Amines: Introduction

00:01 In the previous lecture, we talked about the reactions of amines with carboxylic acid derivatives so that we could form amides, a very important functional group, both in terms of chemistry and also in biology. But, it’s important that we actually deal with amines on their own to some extent, not least because they form some… they form some of the most important chemicals within our body. Okay. So, let’s first and foremost look at the nomenclature. First and foremost, where we have an amine, which consists of an alkyl or aryl group, represented here as “R”, we use the longest chain, as we do in all cases.

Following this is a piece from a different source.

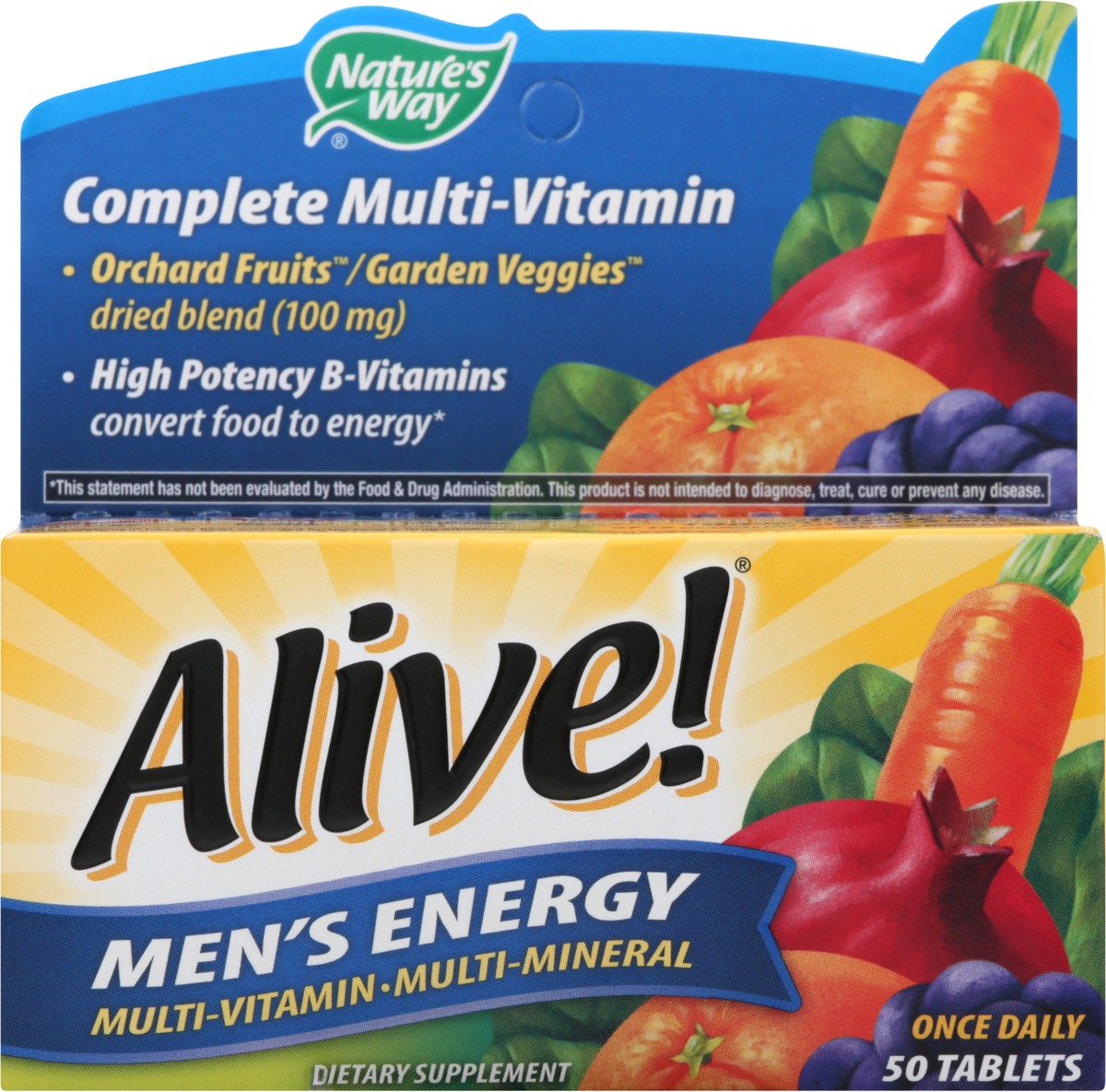 slide 5 of 9, Nature's Way Alive! Men's Energy Complete Multivitamin, High Potency B-Vitamins, 50 Tablets, 50 ct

00:37 So, in other words, if it was two carbon units, it would be ether; three would be propyl; four would be butyl; and so on and so forth. And then we remove the “e” at the end, and we attach the suffix “-amine”. There is sometimes a number prefix to indicate the position of the amine on the chain by the lowest possible number. What does that actually mean? Well, let’s have a look at a couple of examples. If we look at 2-pentylamine, you can see what I said before. When you have a substituent on a long chain, as you’ve seen here, where you’ve got a pentane chain, five carbons in length, what we need to do is find the carbon to which the hetero atom is attached. In the case of alcohols, it is OH. In the case of haloalkanes, it is chlorine, bromine or fluorine. And in the case of amines, it is nitrogen. Nitrogen has an atomic mass of 14, carbon of 12, therefore, nitrogen takes priority. When, of course, the nitrogen is in a terminal position, then of course, it is that carbon to which it’s attached that takes the number 1.

01:45 However, when we’re looking at a nitrogen which is substituted in the middle or close to the end of a long chain, we need to consider the terminal and call that “1”. So what that affectively means is that the amine, the NH2 group in 2-pentylamine, is in the second position, hence the name “2-pentylamine.” It’s also worthy of note that when you’ve actually got substitution on the nitrogens themselves, note we have here NH2, those Hs can be replaced by other alkyl or aryl groups, as in the case of N,N-dimethylethylamine.

02:23 Note the location of each of the components. The bottom right hand corner, you see that abbreviated formula: CH2CH3. This is the origin of your ethylamine. The fact that we have a substitution on the nitrogen by two methyl groups means that it is N,N-dimethyl, where we have on a single nitrogen, two dimethyl groups substituted.

02:49 Sometimes you’ll actually see where we have more than one nitrogen: an N and an N’, indicating the awareness that we have that there are two nitrogens in our system.

03:00 In terms of nomenclature, it’s also important to realise that there are different types of substitution and they refer to primary, secondary or tertiary depending on the number of carbons attached. The simplest possible arrangement is ammonia where we have a nitrogen to which we have covalent bonds, sigma bonds, to three hydrogen atoms, shown here. And that is the simplest possible nitrogen base. The next one up is where we have substitution of one of those hydrogens with either an alkyl or an aryl group, thus leaving NH2. This is a primary amine. Further substitution by another alkyl or aryl group, shown in this case as R’, would be a secondary amine. And then finally, substituting all three hydrogens results in a tertiary amine where, in this case, the final hydrogen has been replaced with what we’ve designated here as R’’. Bear in mind that just because we’ve given these different denotations in terms of R, R’ and R’’, they could all be the same alkyl or aryl group; it’s just for the sake of clarity.